*** Opening RECORDS SHOWN ***

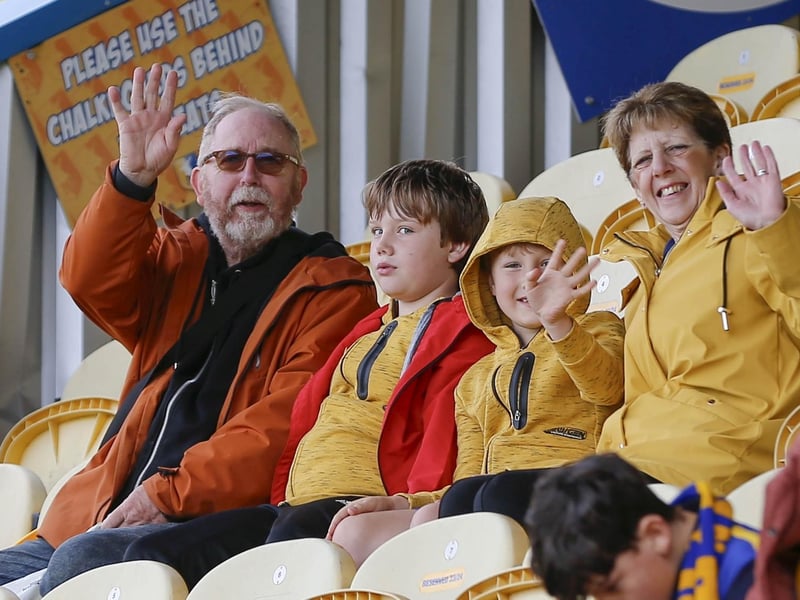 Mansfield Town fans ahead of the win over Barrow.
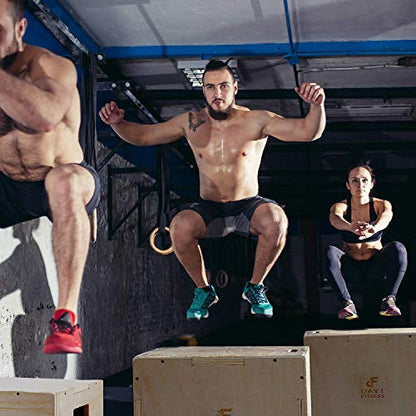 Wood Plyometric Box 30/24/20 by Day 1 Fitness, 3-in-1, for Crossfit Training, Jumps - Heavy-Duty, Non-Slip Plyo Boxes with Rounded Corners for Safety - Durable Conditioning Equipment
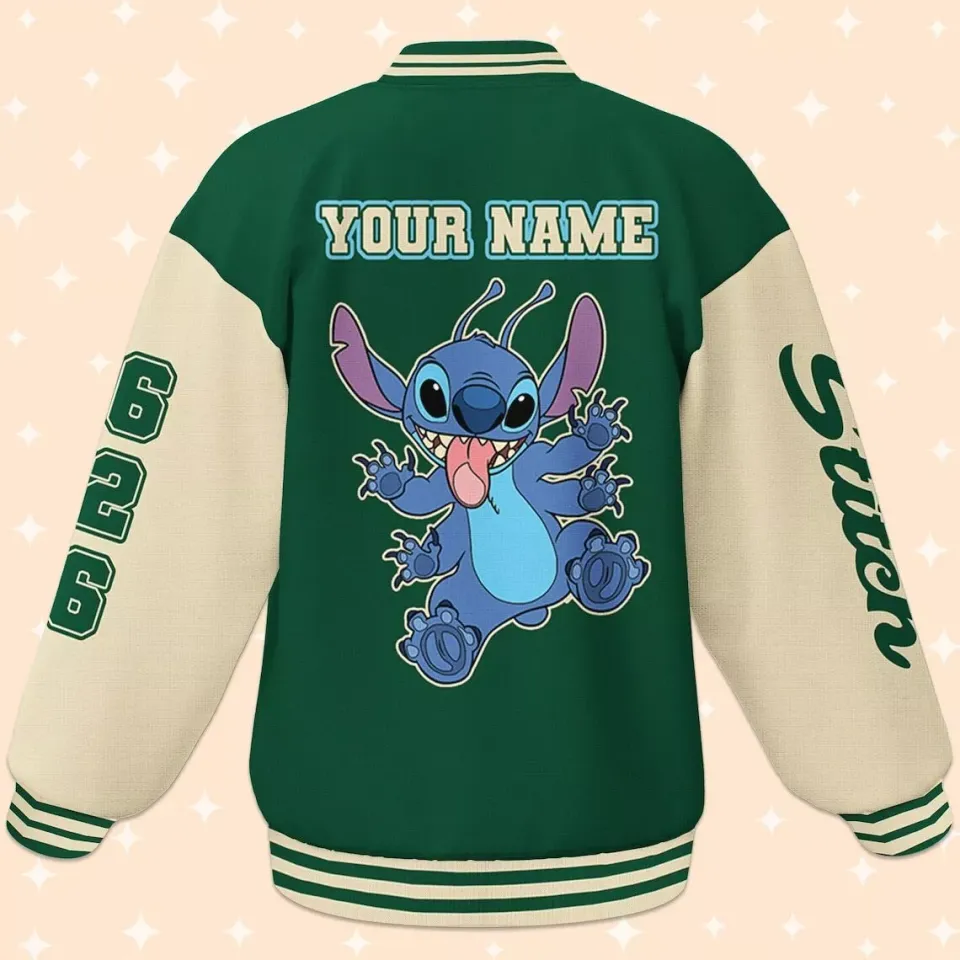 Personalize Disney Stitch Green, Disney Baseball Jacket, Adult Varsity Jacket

*** Closing RECORDS SHOWN ***
*** Opening RECORDS SHOWN ***

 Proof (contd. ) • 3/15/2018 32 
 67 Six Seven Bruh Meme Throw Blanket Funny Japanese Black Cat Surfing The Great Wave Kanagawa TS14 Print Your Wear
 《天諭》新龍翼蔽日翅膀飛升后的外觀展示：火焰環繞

*** Closing RECORDS SHOWN ***

### YOUR INSTRUCTIONS
Without the pictures, give again exactly the lines above starting at the line containing "Mansfield Town fans" and ending at the line containing "Personalize Disney Stitch".

### RESPONSE AREA
 Mansfield Town fans ahead of the win over Barrow.
 Wood Plyometric Box 30/24/20 by Day 1 Fitness, 3-in-1, for Crossfit Training, Jumps - Heavy-Duty, Non-Slip Plyo Boxes with Rounded Corners for Safety - Durable Conditioning Equipment
 Personalize Disney Stitch Green, Disney Baseball Jacket, Adult Varsity Jacket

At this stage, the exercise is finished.